While the qualitative benefits are intriguing, it’s the quantitative benefits that garner business leader’s attention. Organizations can lower their IT operations costs by a minimum of 10% simply by expanding the competitive base of potential service providers via IT Service Brokers. Typically, IT operational costs are 70% to 80% of an organization’s IT budget, so the potential cost-savings are significant. Once the IT Service Broker role has been implemented along with the architect role, the benefits continue to compound. The IT function can begin to organize more closely with business units and consolidate overlapping roles, thereby realizing additional overhead savings. Should organizations choose external IT Service Brokers, they can further manage their cost by employing IT Service Brokers when needed for the duration of time that is needed – this approach is particularly intriguing for small and medium sized businesses.

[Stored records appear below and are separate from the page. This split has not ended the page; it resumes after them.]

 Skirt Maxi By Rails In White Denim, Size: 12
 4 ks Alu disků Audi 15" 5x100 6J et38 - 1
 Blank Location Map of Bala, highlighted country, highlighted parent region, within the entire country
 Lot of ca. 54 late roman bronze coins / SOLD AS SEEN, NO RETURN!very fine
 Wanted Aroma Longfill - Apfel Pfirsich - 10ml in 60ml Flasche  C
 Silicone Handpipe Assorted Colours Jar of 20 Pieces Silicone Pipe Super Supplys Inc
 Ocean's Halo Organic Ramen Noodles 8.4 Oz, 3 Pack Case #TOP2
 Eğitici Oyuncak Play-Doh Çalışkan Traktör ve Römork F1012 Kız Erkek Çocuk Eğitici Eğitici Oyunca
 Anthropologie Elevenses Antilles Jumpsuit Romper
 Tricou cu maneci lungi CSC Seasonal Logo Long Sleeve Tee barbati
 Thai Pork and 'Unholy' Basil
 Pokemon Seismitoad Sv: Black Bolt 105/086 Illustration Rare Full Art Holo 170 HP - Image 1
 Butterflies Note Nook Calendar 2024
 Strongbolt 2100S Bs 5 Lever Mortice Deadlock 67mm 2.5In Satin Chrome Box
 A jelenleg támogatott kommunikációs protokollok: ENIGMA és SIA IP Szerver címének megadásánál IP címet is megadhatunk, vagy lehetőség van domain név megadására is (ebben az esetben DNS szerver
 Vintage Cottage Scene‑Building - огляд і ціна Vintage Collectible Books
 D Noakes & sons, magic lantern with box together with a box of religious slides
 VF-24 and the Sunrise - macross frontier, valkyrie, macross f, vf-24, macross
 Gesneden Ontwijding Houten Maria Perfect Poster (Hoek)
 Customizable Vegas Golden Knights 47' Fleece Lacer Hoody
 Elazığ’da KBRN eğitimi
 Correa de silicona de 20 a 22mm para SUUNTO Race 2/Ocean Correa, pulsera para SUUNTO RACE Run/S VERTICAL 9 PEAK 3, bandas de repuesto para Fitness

The IT Service Broker role will play a crucial role in sourcing IT and business services. The IT architect will also play a pivotal role in defining the specifications and business requirements that will provide the blueprint for the IT Service Broker. These roles will revolutionize how organizations design, source and deliver IT services. Organizations would do well to remember a quote that has been attributed to both Alan Kay and Peter Drucker who together blend both a technology and business perspective – “the best way to predict the future is to create it”.